RICHMOND, Va (WTVR) -- Virginia was granted a waiver saying state schools will not be penalized if students fail to meet the standards of the 'No Child Left Behind' mandate. While some consider it a relief, others worry that lowering the bar will leave minority students behind.
"Every single group should have the same opportunity as everyone," said parent Henriette Ndo. "The fact that they expect some groups not to succeed, they're not going to put an effort to help."
The concern is centered around the state's plan that would lower the pass rates, and possibly lower expectations.
"If you're going to help each child get his or her potential then you have to have flexibility," said Senator Henry Marsh.

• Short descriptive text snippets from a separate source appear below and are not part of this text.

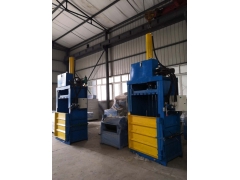 塑料瓶打包机，成都废旧矿泉水瓶液压打包机图2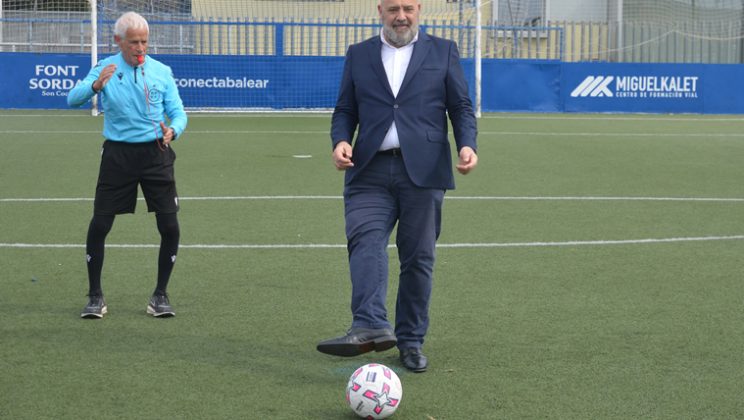 El alcalde de Palma, Jaime Martínez Llabrés, ha realizado el saque de honor de la Liga de Futbol  de a Pie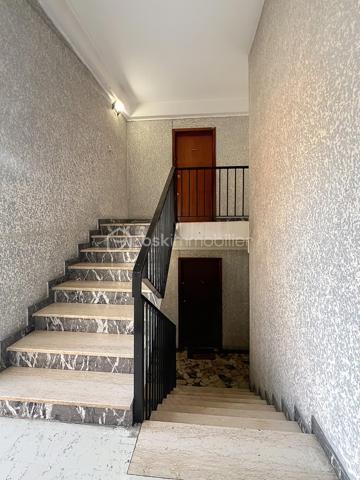 Idéal premier achat ou investissement locatif.

Découvrez ce charmant studio de 28 m² idéalement situé au 17, rue Chemin Joseph Brun à Grenoble. 

Niché au 2ème et dernier étage d'un petit immeuble, cet appartement offre un cadre de vie pratique et recherché, à deux pas de l'arrêt de tram Flandrin - Valmy.

La pièce de vie  est espace lumineux exposé Nord-Ouest, prolongé par un agréable balcon pour profiter des beaux jours.

Une cuisine à créer selon vos envies qui sera parfaitement intégrée à la pièce principale.

Vous profiterez d un vrai dressing dédié pour optimiser l'espace de vie. Une salle d eau avec WC.

Le bonus : Un grand cellier privatif situé sur le même palier (au même étage que l'appartement), idéal pour stocker vélo, valises ou matériel encombrant.

Les fenêtres sont  en double vitrage avec volets roulants. 

Le chauffage est individuel  au gaz et  les charges de copropriété extrêmement faibles, seulement 39 € / mois !

Un emplacement stratégique, le tramway se trouve littéralement au pied de l'immeuble.

Tous les commerces de quartier sont accessibles à pied. Le centre-ville de Grenoble est tout proche, et le Domaine Universitaire est rapidement accessible, ce qui en fait une cible parfaite pour les étudiants ou jeunes actifs.

La taxe foncière est de 558 euros.

Prix : 75 000 euros.

Contactez-moi dès aujourd'hui pour organiser une visite !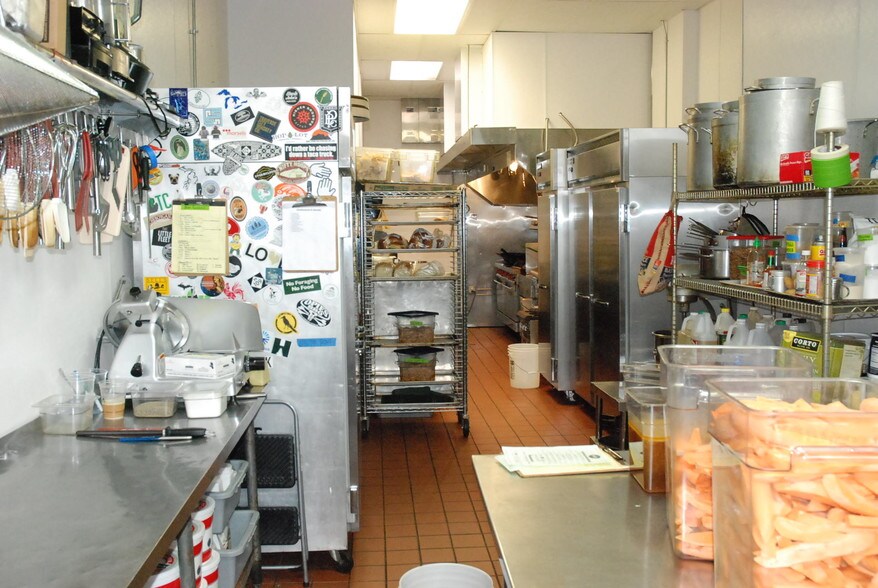 More Photos Of 127 S Union St, Traverse City Restaurant For Sale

Virginia's new standards would require 82 percent of Asian students to pass the state math exam, but only 52 percent of Hispanics and only 45 percent of Blacks would be required to pass the same test.
"If you tell a student or a teacher that we expect little, you're going to get a little," said Senator Marsh. "I think everybody agrees that we have to raise the expectations."
On Tuesday in a closed-door meeting, the Virginia Black Caucus discussed student expectations with representatives from the Department of Education.
"We heard their concerns, we agreed to stay in touch and we're going to re-visit some of these issues," said Department of Education representative David Foster. "We all want to see the same high expectations."
The Virginia Board of Education is planning to revisit the issue surrounding passing rates during its September 27 meeting.